One example of this is the Seven Year Statute, formally known as Labor Code 2855. With its roots in the 1800s, this law protected all Californians from being held hostage in protracted contracts with large companies. By limiting the length of any contract to a maximum of seven years, the Seven Year Statute shielded every individual – actors, artists, athletes, engineers, executives - from being trapped in unfair contracts for extended periods of time. 

Sadly, and wrongly, something changed in 1987.  That year, the major record labels lobbied to amend the law, effectively depriving one group of Californians from its protection: recording artists. 

The time has come to restore the original intent of the Seven Year Statute to protect all Californians with the FAIR Act. 

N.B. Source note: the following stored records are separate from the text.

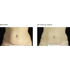 ANTI-CELLULITE FAT-LOSS BODY Zsírégető testápoló krém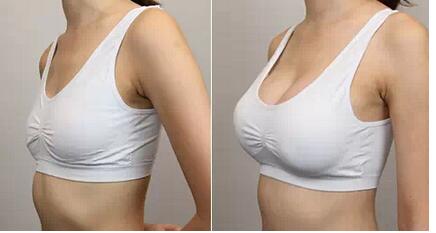 北京自體脂肪干細(xì)胞豐胸價(jià)格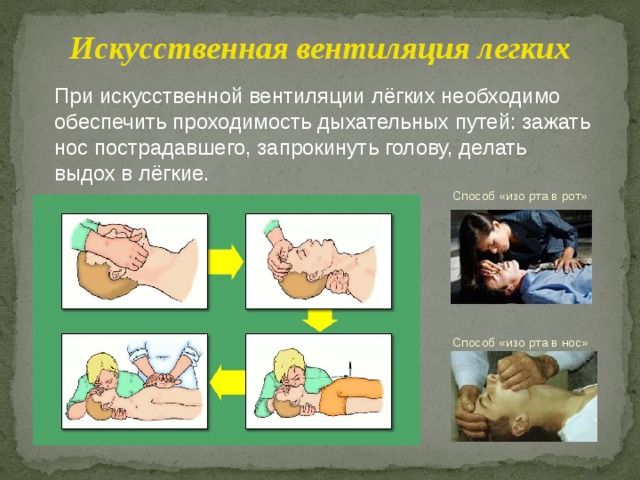 Искусственная вентиляция легких При искусственной вентиляции лёгких необходимо обеспечить проходимость дыхательных путей: зажать нос пострадавшего, запрокинуть голову, делать выдох в лёгкие. Способ «изо рта в рот» Способ «изо рта в нос» 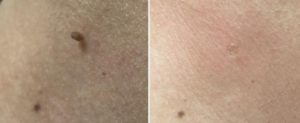 Skin Tags Removal Las Vegas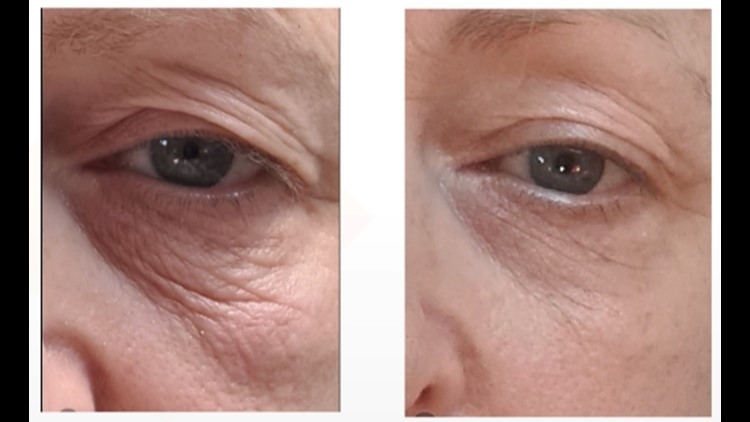 Sofwave offers non-invasive treatments to soften fine lines & wrinkles
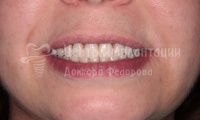 Восстановление зубов верхней и нижней челюсти - Фотография 4
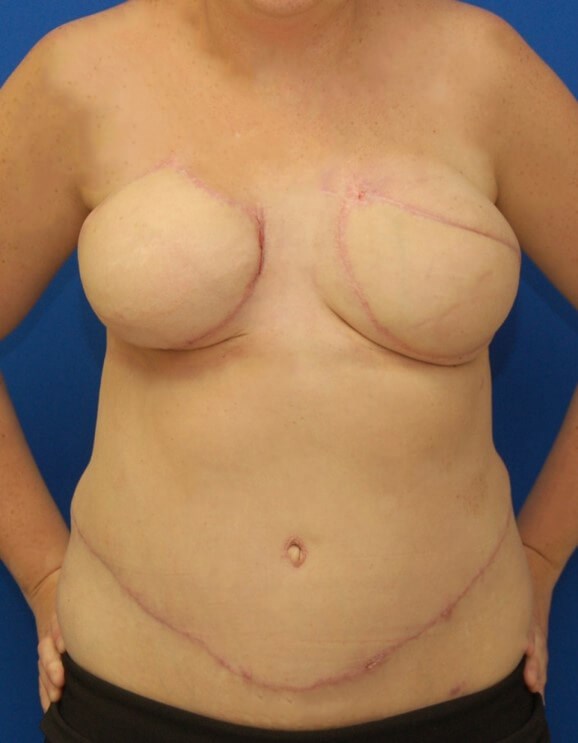 Breast Reconstruction After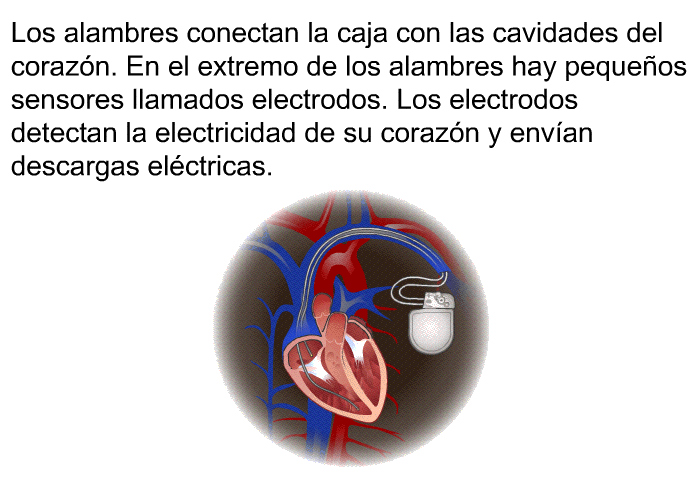 Los alambres conectan la caja con las cavidades del corazn. En el extremo de los alambres hay pequeos sensores llamados electrodos. Los electrodos detectan la electricidad de su corazn y envan descargas elctricas. 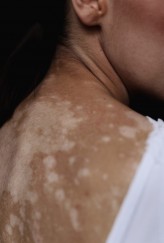 renata_plaszowska Projekt:
https://www.instagram.com/vitiligo_people/
Foto: Justyna Dudziak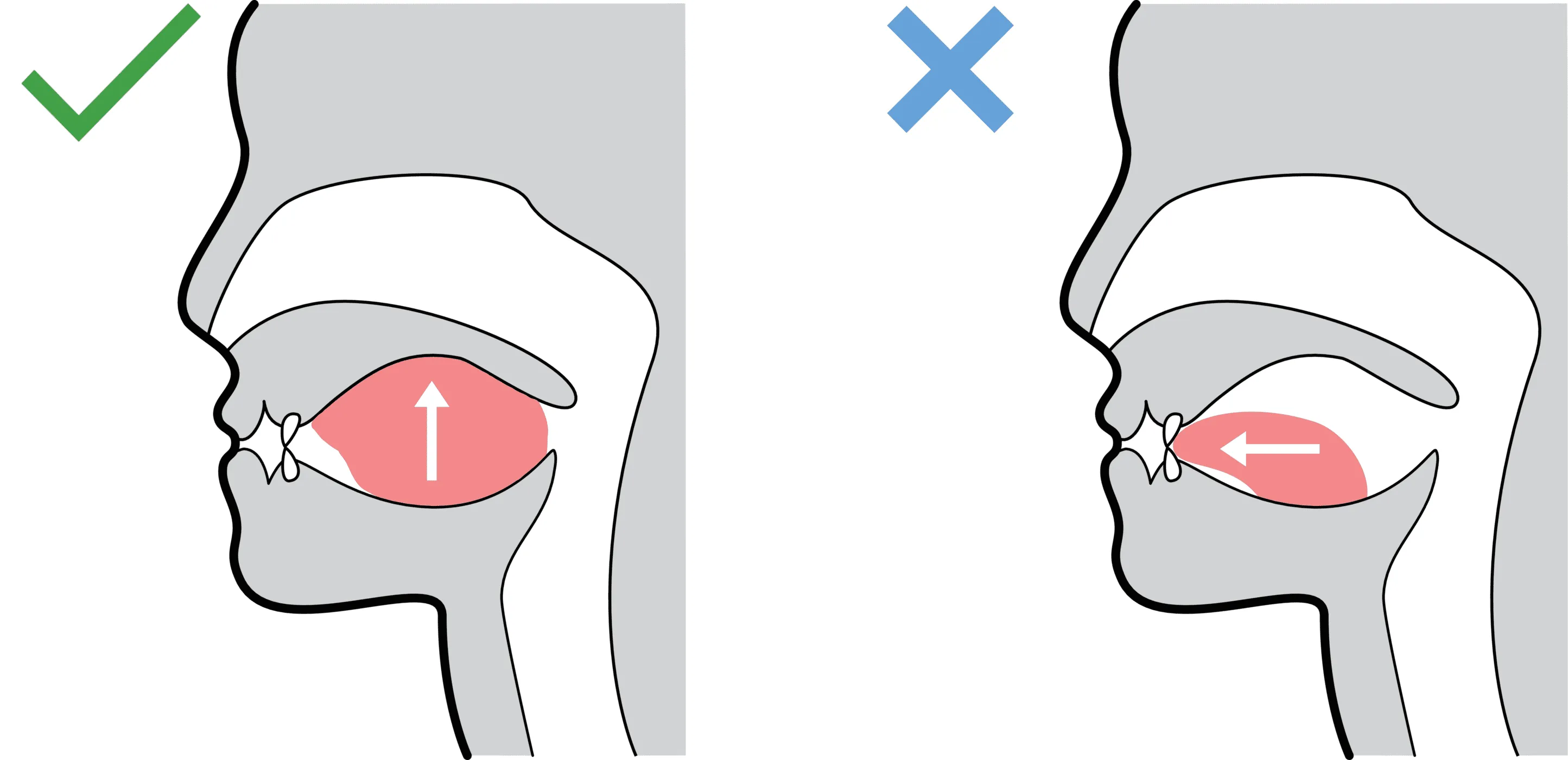 Tập há miệng sau khi nhổ răng khôn để không ảnh hưởng đến sinh hoạt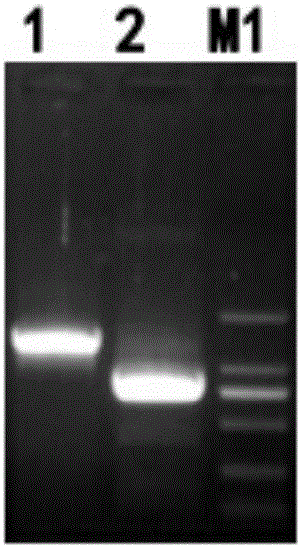 hUCMSCs (human umbilical cord mesenchymal stem cells) carrying PEDF (pigment epithelial-derived factor) and modified with recombinant lentivirus as well as preparation method of hUCMSCs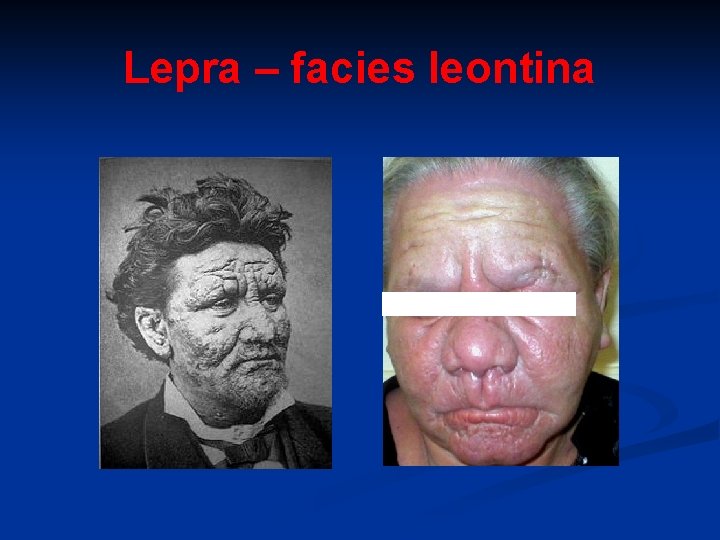 Lepra – facies leontina 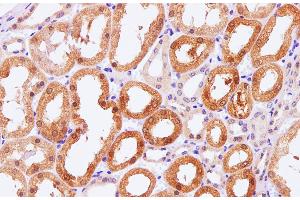 Immunohistochemistry of paraffin-embedded Human kidney using Pck1 Polyclonal Antibody at dilution of 1:100 (PCK1 anticorps)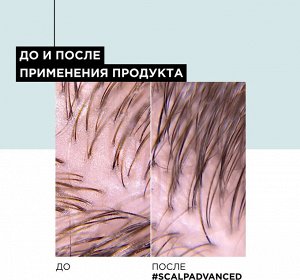 Шампунь 2 в 1 и маска для жирной кожи головы Loreal Scalp Advanced 250 мл Лореаль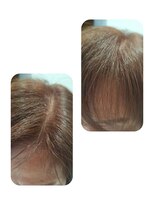 ユーフォルムギンザ(y-Forme Ginza) 話題のトキカタ♪前髪編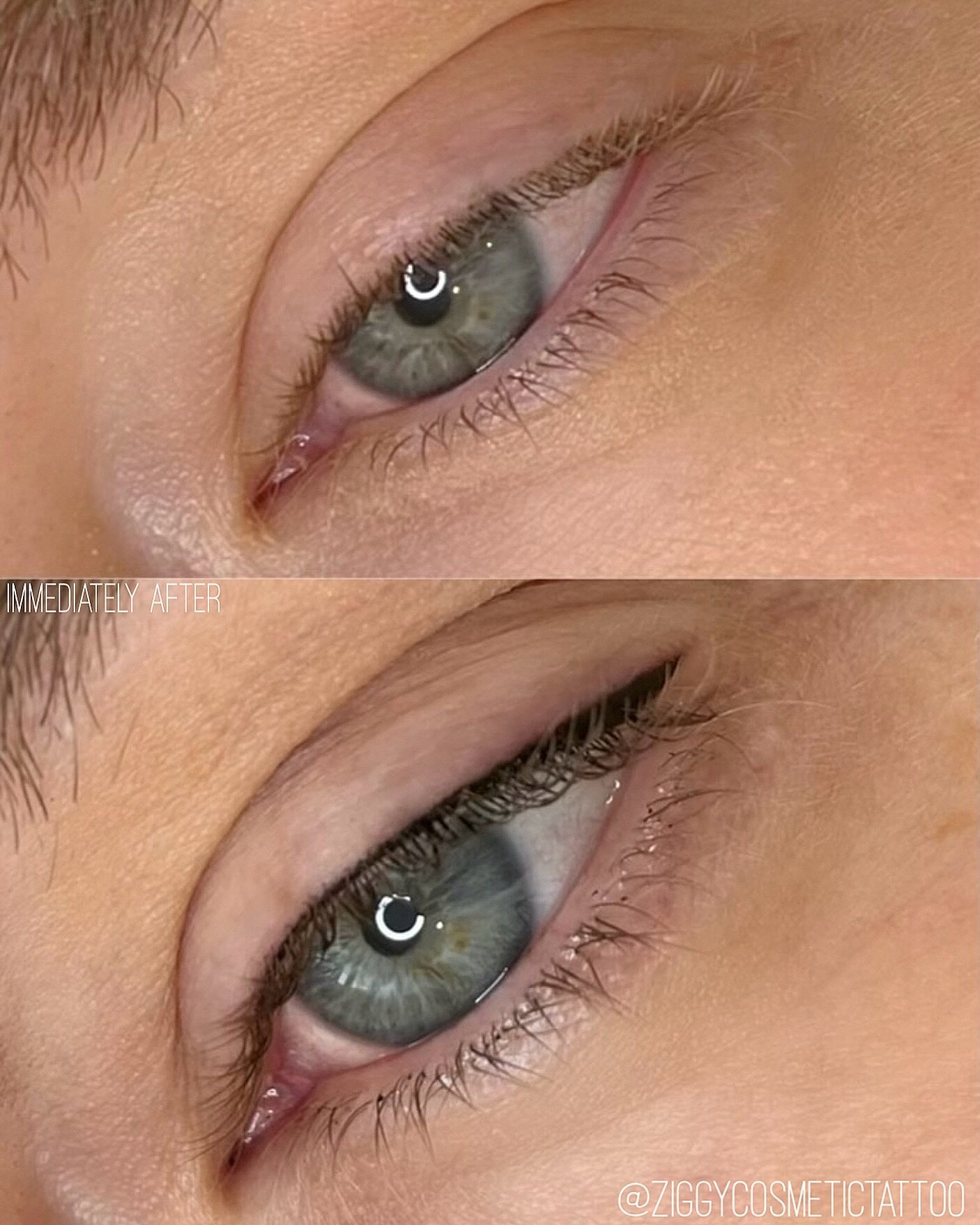 before + immediately after eyeliner tattooing 🖊️ by Jess @ziggycosmetictattoo

Each liner is 100% customised to the wearer after a thorough consultation + designing process (not to mention, with a gal with over 10+ years in makeup and permanent make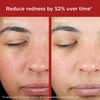 EltaMD UV Skin Recovery 100% Mineral Face Sunscreen, SPF 50 | Red Color Correcting, Safe For Rosacea and Post-Procedure Skin, No White Cast, Zinc Oxide, Dermatologist Recommended(Green Tinted (Pack of 2))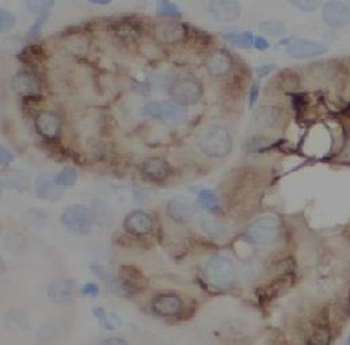 GCLM Rabbit Polyclonal Antibody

The FAIR Act will remove the recording artist exclusion from the Seven Year Statute.  The FAIR Act will allow artists – like every other Californian – to end a contract after seven years if it is unfair, or if their A&R person is gone, or if they want to work with a new label or if they want to distribute music directly to their fans.  

Artists are not products.  We are people.  

Artists need to be treated like people in record contracts. Holding an artist to an indefinite contract, with terms that are disproportionately skewed to the benefit of the labels, is not fair treatment.  Artists should stay with a label because they want to, not because they are forced to stay.  Artists should remain with a label because the terms of the contracts are balanced and because the label does a good job. 

The FAIR Act doesn’t mean that an artist will necessarily leave their label after seven years. There are many examples of artists who continue to work with their label when their contract ends.  It does mean that the labels are going to have to work a little harder to maintain an artist’s trust. But that is the way it should be. 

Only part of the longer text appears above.